One of the most significant diversity problems within US science, technology, engineering, and mathematics (STEM) education is the persistent underrepresentation of women, minorities, and the disabled (CEOSE, 2004; COSEPUP, 2007). There is ample debate as to why women, minorities, and the disabled are not a significant part of the STEM demographic. That said, this study focuses upon one theory in particular: that one of the top reasons women and minorities drop out of the STEM fields and thus do not pursue careers in STEM, is ineffective and non-inclusive teaching by STEM faculty members (see Handelsman, 2006; Seymour & Hewitt, 1997). This research is an attempt to address issues of diversity that transcends boundaries and cuts across multiple groups is more important than ever.

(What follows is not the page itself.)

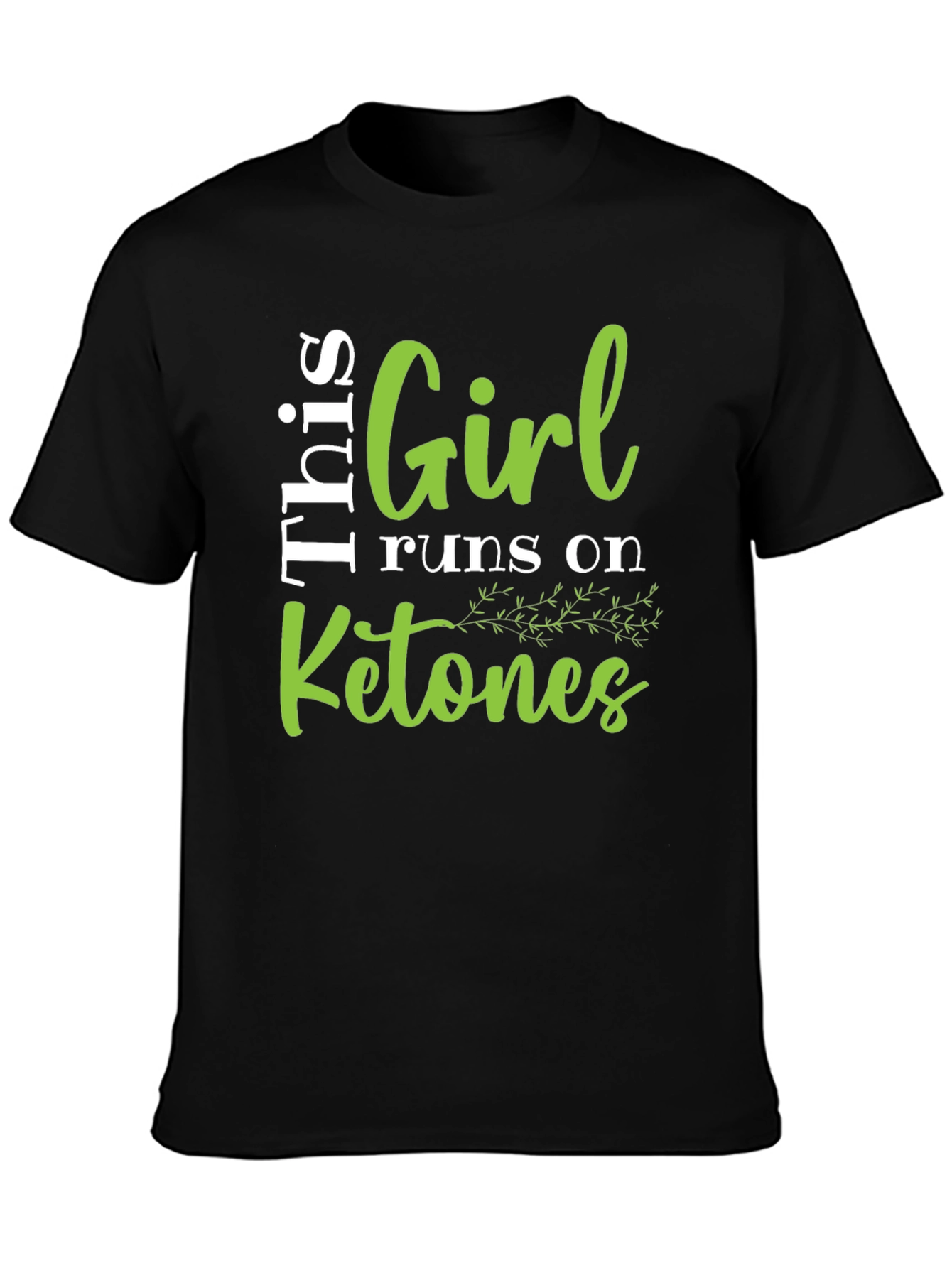 Girl Runs on Ketones Graphic Tee - Black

The dissertation aims to do just that by focusing on a section of higher education where diversity issues affecting women, underrepresented minorities, the disabled, and LGBT individuals are more intractable than in any other academic area education.
 
 
Honorable Mention 

Student Name:   Silvia Mazzula

Faculty Sponsor: Robert T. Carter, Ph.D., Professor of Psychology and Education

Department: Counseling and Clinical Psychology

Proposal Title: Bicultural Competence: The Role of Acculturation, Collective Self-Esteem and Racial Identity

This study examines whether behavioral acculturation, racial identity and collective self-esteem capture the construct of bicultural competence and its relationship to psychological well-being and distress among 520 Latino(a) adults.  A structural equation model (SEM) analysis will be performed to confirm the presence of bicultural competence and establish if bicultural competence results in psychological well-being. 


Student Name:
   Justin Jones, M.A.

Faculty Sponsor Lisa Miller, Ph.D., Associate Professor of Psychology and Education

Department: Counseling and Clinical Psychology

Proposal Title: The Gay Fatherhood Project

This study will examine how a child impacts the commitment to the romantic relationship for self-identified coupled gay men who are raising a child or children, how these men both view their role in the family and how they navigate the day-to-day responsibilities of childcare and housework, and the emotional impact of fatherhood on this population.    A sample of at least 65 participants will be asked to complete questionnaires with regard to demographics, commitment in their relationship, degree of endorsement of traditional masculine ideology, sharing of responsibilities related to childcare and household tasks, and level of endorsement of spirituality.  The results will be compared to the current understanding of fathers raising children in heterosexual relationships.